O.C. Group’s Visit to Vietnam Angers Faction
A trade delegation sponsored by Orange County’s Vietnamese Chamber of Commerce will travel to Vietnam in September for an unprecedented meeting with President Le Duc Anh and other top government officials, the chamber announced Thursday.
The 10-day trip, which will mark the first time that top leaders of the Vietnamese government have received a delegation organized by Vietnamese American expatriates, immediately sparked protests from Vietnamese Americans who steadfastly oppose closer ties with the Communist regime.
The U.S. delegation, however, will include only a handful of Vietnamese Americans, along with other business representatives eager to improve trade between the two countries.

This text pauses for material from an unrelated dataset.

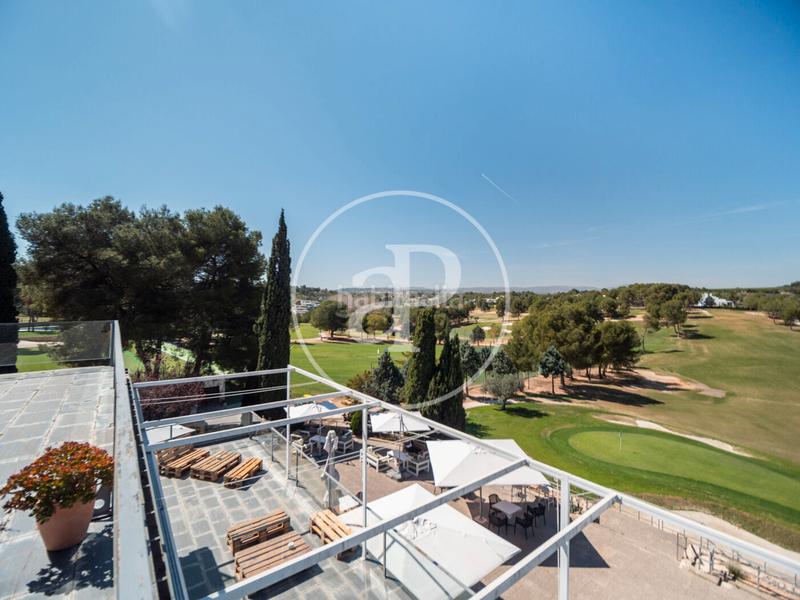 Foto d113b875-a26e-4723-b0bf-92f7e71f1afb. Pis amb calefacció aparcament a El Bosque Chiva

“This is historic in that as far as we know, no other Vietnamese groups have been able to set up something of this magnitude with Vietnam,” said Hien Phan, executive director of the Vietnamese Chamber of Commerce. “We hope it will be successful, and we hope it will only be the first of many such delegations.”
Wary of hostile reaction from Vietnamese Americans, chamber officials, who said they have been planning the trip for several months, attempted to keep it a secret.

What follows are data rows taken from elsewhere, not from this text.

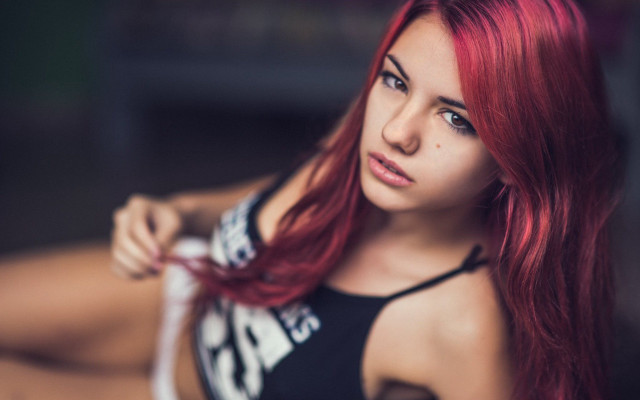 Redhair posing portrait cosplay blurry free wallpaper for desktop - medium preview image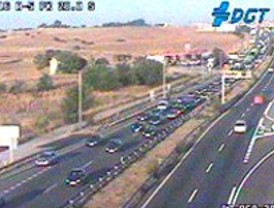 Un accidente ha cortado la A-5 en la hora punta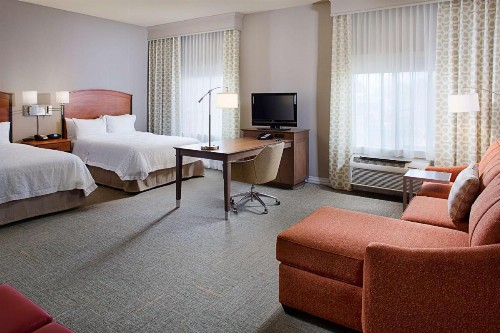 Hampton Inn & Suites Lancaster - image 20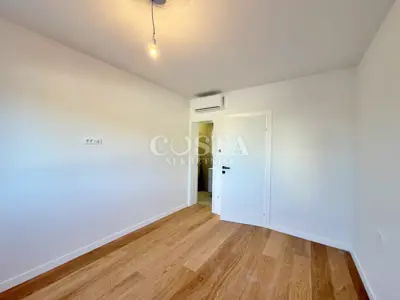 Stan 69 m², Privlaka - 2 spavaće sobe, vrt i lođa - 12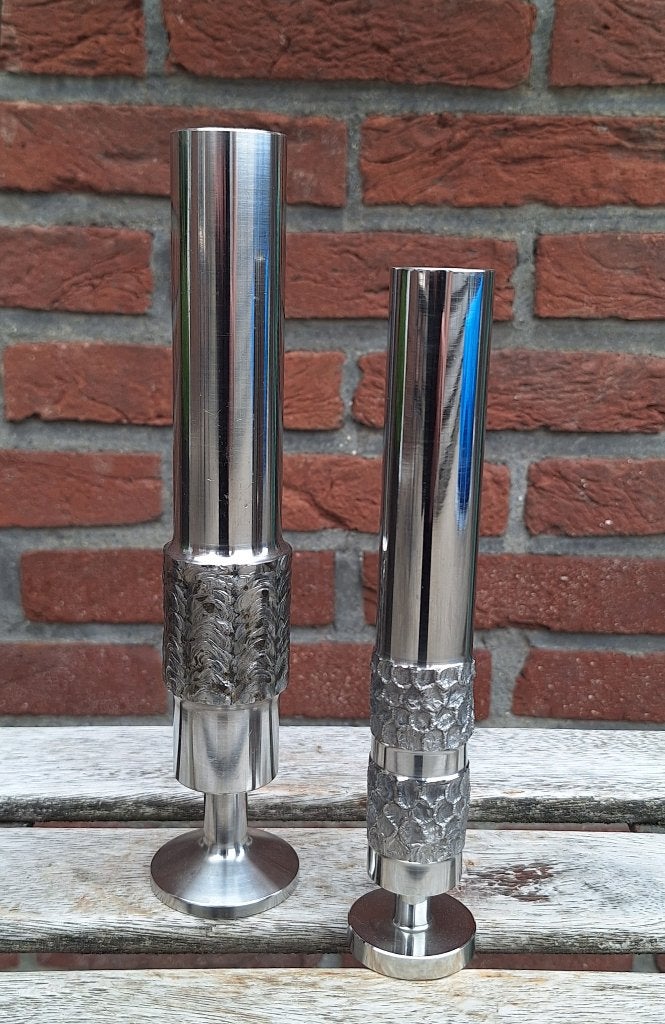 Prachtige vintage set rvs brutalist cilinder vazen., Verzamelen, Retro, Huis en Inrichting, Ophalen of Verzenden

But news of the tour leaked in the Vietnamese press Thursday. Immediately, one of the largest organized Vietnamese-American groups in the Southland announced that it would stage a protest at a business seminar the Vietnamese chamber is conducting Saturday.
“We don’t want anything to do with the Communists, and we don’t want anything to do with people who support them or do business with them,” said Quyen Van Le, president of the Vietnamese Community of Southern California. “As long as there is a Vietnamese community, there will be protests to anything that proposes that we work with the people who destroyed our lives and made us refugees.”
The chamber billed the trip, scheduled Sept. 30 to Oct. 9, as an “historic trade mission to Vietnam.” It is co-sponsored by the Asian Business League of Southern California.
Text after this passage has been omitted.